METHODS: Forty-two patients from 11 centers were evaluated to assess both the safety and efficacy of propofol: 23 patients in the propofol group (mean time of propofol usage 95+/-87 hours) and 19 patients in the morphine group (mean time of morphine usage 70+/-54 hours). There was a higher incidence of poor prognostic indicators in the propofol group than in the morphine group: patient age older than 55 years (30.4% compared with 10.5%, p < 0.05), initial Glasgow Coma Scale scores of 3 to 5 (39.1% compared with 15.8%, p < 0.05), compressed or absent cisterns on initial computerized tomography scanning (78.3% compared with 57.9%, p < 0.05), early hypotension and/or hypoxia (26.1% compared with 10.5%, p = 0.07). During treatment there was a trend toward greater use of vasopressors in the propofol group. However, the mean daily ICP and cerebral perfusion pressure were generally similar between groups and, on therapy Day 3, ICP was lower in the propofol group compared with the morphine group (p < 0.05). Additionally, there was less use of neuromuscular blocking agents, benzodiazepines, pentobarbital, and cerebrospinal fluid drainage in the propofol group (p < 0.05). At 6 months postinjury, a favorable outcome (good recovery or moderate disability) was observed in 52.1% of patients receiving propofol and in 47.4% receiving morphine; the mortality rates were 17.4% and 21.1%, respectively. Patients who received the highest doses of propofol for the longest duration tended to have the best outcomes. There were no significant differences between groups in terms of adverse events.

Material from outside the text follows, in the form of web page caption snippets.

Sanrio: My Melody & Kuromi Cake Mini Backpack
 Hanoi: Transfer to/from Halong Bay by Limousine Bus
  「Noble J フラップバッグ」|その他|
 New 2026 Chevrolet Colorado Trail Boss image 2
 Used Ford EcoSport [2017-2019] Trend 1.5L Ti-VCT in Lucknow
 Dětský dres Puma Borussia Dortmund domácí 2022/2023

CONCLUSIONS: Despite a higher incidence of poor prognostic indicators in the propofol group, ICP therapy was less intensive, ICP was lower on therapy Day 3, and long-term outcome was similar to that of the morphine group. These results suggest that a propofol-based sedation and an ICP control regimen is a safe, acceptable, and, possibly, desirable alternative to an opiate-based sedation regimen in intubated head-injured patients.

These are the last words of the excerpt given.